She’s also declining any lunch catch-ups I try to put in her diary to rebuild things.

The issue is I report directly to her — we’re a boutique, so she’s effectively my main staffer/boss — and I genuinely want to fix the relationship, but I don’t know how. We had such an amazing working relationship before and now it's awful.

I was even considering bringing flowers into the office and saying something like: “These are to make up for the past couple of weeks. I’m sorry for my mistake and I want us to be good again.” Would that help, or would directly saying something like that make things more awkward and worse? Like maybe she would reply saying if you want to make it up to me then start delivering better work etc..

36 Comments
 
Most Helpful

You can’t fix broken relationships and bluntly no one should be yelling at you in a professional white collar work environment. Look to leave immediately before this ends with you getting fired.

At least the timing is good and other banks will be looking for lateral hires post bonuses in March. 

Don’t do the flowers thing unless you want to get fired for sexual harassment. 

 

Ignore title. dude you can always lateral……maybe you are not telling the whole truth but it seems that she is mean if she continued to renegate against you.
Don’t do the flower thing. Focusing to lateral to another bigger bank, and if you are lucky enough, you may get the VP title in a bigger bank if the market in your segment is good. And of course never mention these drama in interview, just say want bigger platform/better exposure or your bank is delaying your promotion due to budget, etc.
But you need to make sure you do not screw up in the next bank.
Also can not understand the hatred here. The director seems to be mean if the op did not conceal anything else. We have so many DEI female hires and why can’t male help male?

 

And of course, be polite with your director at this time, never show her that you want to leave, be obedient and do whatever she asks you to do until you get another offer

 

She is on a power trip and far too many femcels have infiltrated VP+. MDs will take her feedback into account even without evidence just to make her feel important. Better to lateral. 

 

Do NOT do flowers. That can be taken 100 wrong ways vs the 1 right way you’d want.

Trust has to be rebuilt between you over time. It doesn’t help that she’s slamming huge amounts of work on ur desk, but you have to give her excuses to trust you again. If you were in her shoes, you’d probably feel similar to how she feels towards you, gotta rebuild trust.

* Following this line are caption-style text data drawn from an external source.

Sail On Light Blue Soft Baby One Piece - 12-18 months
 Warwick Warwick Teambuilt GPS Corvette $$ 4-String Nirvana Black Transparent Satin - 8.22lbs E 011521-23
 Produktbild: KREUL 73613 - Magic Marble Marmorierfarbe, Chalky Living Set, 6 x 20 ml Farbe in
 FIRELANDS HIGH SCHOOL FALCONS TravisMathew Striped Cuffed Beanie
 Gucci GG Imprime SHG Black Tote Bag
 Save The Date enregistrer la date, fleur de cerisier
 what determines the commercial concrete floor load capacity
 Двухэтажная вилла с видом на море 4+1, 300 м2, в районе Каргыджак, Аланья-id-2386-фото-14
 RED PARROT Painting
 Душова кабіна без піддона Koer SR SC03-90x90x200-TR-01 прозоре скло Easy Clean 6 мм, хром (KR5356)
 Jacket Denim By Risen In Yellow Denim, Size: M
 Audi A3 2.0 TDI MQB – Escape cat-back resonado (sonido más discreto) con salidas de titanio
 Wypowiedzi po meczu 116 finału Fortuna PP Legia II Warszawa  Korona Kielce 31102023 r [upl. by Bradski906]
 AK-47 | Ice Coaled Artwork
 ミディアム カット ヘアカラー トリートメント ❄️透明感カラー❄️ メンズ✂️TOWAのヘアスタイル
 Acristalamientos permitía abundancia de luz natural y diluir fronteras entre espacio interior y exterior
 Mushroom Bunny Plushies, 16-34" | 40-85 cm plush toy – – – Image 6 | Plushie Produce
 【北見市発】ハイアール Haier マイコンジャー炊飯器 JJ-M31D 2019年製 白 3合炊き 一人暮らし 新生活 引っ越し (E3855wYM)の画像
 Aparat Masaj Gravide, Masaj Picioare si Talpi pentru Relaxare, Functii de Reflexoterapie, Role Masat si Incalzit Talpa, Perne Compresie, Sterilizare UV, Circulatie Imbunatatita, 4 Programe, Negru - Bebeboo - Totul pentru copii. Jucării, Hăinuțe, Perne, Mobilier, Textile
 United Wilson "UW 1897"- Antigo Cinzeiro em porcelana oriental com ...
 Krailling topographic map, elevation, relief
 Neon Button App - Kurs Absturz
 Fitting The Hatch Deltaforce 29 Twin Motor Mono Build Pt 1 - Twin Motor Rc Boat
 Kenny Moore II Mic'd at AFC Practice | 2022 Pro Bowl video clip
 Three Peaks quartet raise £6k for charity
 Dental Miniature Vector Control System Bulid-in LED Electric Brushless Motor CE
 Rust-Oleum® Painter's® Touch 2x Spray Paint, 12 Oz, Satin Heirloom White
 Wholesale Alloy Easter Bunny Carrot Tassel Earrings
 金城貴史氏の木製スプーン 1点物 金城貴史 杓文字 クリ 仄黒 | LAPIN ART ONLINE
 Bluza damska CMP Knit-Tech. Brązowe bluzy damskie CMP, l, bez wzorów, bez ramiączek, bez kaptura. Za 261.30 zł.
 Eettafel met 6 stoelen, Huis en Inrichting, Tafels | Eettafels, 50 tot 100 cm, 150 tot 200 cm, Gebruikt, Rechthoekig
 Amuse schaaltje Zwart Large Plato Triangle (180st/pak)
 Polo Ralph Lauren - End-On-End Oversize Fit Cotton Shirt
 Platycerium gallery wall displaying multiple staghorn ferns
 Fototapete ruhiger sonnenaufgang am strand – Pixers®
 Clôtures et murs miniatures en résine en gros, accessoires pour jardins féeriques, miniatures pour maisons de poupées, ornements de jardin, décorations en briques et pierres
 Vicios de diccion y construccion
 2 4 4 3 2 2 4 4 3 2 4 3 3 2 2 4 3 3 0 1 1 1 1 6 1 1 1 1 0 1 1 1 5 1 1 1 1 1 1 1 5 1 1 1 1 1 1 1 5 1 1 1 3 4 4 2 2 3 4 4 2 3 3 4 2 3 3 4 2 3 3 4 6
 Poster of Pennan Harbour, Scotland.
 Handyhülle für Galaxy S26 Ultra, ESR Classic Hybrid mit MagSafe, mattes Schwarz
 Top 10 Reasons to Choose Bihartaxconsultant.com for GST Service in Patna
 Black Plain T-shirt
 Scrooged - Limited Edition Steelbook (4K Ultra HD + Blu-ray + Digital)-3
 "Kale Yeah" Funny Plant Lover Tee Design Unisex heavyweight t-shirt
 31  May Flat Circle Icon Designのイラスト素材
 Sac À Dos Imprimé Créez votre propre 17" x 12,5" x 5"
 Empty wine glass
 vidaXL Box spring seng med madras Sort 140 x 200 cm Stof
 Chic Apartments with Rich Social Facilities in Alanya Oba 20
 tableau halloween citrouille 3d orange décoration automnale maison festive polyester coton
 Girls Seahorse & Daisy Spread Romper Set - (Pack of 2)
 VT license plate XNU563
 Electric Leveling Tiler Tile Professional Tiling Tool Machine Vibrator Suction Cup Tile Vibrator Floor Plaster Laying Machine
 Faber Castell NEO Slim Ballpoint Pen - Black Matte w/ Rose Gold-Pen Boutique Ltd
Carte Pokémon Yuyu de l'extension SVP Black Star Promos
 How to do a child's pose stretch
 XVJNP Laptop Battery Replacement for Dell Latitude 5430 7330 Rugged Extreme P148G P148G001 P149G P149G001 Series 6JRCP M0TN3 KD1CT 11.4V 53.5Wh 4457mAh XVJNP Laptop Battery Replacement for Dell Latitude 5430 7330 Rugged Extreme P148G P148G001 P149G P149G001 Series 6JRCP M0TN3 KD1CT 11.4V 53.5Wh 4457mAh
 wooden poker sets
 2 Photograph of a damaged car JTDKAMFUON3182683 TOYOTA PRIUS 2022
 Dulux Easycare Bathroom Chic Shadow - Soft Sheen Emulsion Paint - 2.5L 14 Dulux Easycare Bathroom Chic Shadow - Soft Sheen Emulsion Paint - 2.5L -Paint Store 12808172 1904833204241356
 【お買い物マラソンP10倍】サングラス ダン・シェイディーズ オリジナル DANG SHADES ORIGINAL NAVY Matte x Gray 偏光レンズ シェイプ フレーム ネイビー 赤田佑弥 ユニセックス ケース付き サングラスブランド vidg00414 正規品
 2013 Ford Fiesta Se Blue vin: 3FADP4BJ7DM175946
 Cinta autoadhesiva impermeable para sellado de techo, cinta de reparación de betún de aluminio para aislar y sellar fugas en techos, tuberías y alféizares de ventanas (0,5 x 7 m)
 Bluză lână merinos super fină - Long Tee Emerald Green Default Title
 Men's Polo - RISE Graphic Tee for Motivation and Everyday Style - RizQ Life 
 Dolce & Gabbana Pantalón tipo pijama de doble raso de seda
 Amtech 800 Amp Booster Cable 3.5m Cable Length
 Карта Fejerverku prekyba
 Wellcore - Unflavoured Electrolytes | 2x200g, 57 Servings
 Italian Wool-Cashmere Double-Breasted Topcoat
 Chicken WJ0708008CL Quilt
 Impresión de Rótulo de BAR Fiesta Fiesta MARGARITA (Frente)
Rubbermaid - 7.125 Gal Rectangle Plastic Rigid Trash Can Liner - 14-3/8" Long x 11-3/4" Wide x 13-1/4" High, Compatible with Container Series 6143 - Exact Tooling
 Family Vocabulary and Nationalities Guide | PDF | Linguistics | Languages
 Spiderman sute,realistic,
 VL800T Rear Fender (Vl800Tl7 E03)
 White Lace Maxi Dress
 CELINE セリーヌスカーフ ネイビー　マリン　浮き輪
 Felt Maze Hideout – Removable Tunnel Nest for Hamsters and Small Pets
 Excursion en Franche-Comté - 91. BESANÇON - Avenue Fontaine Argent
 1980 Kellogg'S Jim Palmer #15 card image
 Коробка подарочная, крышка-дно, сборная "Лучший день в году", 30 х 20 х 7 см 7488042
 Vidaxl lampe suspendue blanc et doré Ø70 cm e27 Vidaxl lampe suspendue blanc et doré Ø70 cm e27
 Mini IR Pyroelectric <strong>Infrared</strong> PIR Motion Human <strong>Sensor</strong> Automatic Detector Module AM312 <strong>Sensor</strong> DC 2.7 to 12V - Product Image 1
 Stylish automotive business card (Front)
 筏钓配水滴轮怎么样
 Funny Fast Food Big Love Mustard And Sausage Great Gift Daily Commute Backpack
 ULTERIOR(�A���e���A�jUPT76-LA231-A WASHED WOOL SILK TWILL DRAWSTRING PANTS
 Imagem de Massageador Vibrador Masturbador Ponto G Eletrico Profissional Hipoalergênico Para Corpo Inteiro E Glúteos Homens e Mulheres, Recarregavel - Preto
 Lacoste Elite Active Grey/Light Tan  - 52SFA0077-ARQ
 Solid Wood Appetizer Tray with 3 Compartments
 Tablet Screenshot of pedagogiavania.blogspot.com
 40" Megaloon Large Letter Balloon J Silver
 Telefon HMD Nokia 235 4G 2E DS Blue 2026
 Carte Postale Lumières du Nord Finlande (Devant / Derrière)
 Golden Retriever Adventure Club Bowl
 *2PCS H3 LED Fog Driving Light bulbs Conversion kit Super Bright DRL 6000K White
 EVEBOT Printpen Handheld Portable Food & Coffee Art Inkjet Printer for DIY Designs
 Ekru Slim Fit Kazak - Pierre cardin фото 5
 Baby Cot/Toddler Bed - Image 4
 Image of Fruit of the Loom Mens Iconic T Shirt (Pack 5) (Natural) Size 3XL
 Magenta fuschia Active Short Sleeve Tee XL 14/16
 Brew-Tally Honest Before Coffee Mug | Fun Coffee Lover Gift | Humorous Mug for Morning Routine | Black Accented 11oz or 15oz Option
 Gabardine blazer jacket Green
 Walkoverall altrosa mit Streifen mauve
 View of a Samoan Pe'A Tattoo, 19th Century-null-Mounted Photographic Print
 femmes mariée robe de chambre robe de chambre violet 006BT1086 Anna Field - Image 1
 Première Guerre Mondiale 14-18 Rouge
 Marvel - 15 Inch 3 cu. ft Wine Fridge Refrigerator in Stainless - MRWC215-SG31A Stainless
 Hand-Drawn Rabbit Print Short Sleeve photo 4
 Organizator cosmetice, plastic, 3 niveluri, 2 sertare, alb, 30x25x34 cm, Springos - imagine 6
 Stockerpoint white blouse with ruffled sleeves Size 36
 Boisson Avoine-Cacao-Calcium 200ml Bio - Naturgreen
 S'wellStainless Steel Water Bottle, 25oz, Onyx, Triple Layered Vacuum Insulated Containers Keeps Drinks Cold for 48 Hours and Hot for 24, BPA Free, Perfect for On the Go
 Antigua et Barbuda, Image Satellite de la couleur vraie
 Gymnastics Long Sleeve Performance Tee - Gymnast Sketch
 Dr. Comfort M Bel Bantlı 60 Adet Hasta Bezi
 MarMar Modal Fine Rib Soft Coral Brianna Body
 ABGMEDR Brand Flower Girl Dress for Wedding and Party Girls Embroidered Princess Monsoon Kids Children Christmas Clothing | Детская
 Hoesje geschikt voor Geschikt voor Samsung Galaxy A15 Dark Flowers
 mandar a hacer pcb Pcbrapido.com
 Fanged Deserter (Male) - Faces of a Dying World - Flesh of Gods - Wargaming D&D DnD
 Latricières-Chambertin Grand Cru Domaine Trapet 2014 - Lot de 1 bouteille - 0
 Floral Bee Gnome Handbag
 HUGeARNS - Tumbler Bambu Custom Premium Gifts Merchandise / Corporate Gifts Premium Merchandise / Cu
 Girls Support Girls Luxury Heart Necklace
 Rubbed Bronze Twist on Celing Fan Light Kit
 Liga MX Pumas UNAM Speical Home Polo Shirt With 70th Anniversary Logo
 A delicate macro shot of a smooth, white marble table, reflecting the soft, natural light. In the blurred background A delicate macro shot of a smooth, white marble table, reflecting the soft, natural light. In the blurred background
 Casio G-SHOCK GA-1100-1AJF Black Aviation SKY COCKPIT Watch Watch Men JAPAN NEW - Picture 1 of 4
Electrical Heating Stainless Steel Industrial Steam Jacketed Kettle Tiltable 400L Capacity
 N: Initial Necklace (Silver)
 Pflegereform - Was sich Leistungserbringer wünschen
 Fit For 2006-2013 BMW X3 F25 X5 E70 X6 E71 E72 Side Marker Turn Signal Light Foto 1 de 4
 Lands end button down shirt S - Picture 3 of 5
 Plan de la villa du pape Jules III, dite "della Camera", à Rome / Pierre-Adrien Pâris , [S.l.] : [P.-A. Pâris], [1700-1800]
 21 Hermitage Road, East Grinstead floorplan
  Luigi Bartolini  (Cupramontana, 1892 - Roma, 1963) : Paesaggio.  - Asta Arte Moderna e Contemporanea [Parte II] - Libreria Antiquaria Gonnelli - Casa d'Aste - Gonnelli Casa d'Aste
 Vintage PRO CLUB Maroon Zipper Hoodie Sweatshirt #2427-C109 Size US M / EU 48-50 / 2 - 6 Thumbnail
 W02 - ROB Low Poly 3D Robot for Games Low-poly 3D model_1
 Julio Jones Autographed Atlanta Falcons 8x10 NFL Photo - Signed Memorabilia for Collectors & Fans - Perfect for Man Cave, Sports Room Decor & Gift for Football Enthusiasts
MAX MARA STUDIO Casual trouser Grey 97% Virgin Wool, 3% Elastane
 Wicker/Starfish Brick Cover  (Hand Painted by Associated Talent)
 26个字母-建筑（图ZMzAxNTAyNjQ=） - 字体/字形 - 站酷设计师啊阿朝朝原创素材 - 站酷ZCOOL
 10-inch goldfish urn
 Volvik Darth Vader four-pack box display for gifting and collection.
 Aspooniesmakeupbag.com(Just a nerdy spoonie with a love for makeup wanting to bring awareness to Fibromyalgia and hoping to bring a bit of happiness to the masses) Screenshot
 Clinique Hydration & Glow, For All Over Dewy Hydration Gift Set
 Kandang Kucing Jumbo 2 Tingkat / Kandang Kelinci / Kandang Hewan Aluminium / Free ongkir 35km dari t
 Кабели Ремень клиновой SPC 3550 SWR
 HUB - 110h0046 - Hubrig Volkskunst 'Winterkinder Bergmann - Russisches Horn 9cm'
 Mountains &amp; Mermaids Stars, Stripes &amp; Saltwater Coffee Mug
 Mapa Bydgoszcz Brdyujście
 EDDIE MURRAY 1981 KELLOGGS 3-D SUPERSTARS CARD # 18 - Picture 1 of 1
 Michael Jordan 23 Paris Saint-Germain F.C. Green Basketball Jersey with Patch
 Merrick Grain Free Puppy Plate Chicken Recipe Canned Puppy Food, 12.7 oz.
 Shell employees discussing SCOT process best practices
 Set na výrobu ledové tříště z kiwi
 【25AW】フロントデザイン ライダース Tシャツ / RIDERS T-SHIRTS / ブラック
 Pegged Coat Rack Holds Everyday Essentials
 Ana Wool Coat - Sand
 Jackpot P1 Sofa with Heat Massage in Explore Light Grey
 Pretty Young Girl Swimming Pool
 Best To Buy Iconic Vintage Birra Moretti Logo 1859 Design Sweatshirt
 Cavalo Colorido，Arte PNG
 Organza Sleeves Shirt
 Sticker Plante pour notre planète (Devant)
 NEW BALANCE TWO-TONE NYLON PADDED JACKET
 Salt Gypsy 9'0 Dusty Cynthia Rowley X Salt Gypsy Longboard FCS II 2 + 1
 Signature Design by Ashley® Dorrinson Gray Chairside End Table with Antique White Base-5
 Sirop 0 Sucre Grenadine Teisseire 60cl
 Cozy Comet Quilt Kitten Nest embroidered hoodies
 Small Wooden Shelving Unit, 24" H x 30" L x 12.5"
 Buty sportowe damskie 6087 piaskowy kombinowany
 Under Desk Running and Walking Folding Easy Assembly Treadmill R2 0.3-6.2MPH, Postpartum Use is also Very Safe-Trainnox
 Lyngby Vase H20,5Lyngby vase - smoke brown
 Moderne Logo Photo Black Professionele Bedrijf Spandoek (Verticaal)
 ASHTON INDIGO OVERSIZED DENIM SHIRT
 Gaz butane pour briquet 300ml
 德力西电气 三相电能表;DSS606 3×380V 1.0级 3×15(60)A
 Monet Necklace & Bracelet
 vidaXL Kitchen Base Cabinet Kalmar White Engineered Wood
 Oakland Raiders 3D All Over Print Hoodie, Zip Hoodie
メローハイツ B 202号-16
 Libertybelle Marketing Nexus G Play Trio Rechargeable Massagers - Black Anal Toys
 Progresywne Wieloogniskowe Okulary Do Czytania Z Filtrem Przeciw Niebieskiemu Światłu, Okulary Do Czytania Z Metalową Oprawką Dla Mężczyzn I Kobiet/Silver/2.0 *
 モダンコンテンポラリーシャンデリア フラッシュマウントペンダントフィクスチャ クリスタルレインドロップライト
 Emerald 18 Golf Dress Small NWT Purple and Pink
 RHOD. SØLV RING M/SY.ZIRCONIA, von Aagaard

If you haven’t acknowledged the mistake (and how abnormal the mistake was) then do that directly, then smack it out of the park with your work quality for two months. That will fix things

 

It sounds like you're in your own head quite a bit and for some reason, just underperforming on the standard. If you've been fine before and suddenly have made mistakes either... (1) you made mistakes before that went unnoticed, (2) the volume increased drastically, (3) or you're fatigued and overwhelmed. 

(1) you made mistakes before that went unnoticed: if this is the case, then consider implementing some form of self-review process to sense check your numbers, story. One way to do this is to print out the deck/report and read it on paper. I'm sure other folks in the industry can weigh in on how to catch slip ups self-sufficiently. Then, put your head down and perform for 3-6 months to rebuild the relationship.

(2) the volume has increased drastically: if the volume has gone up and your direct superior is unrelenting, find work elsewhere since it'd be difficult to rebuild the relationship whilst fighting an uphill battle and not receiving capacity support. This is assuming the work exceeds your max capcity and greatly inhibits your ability to perform/put out quality work.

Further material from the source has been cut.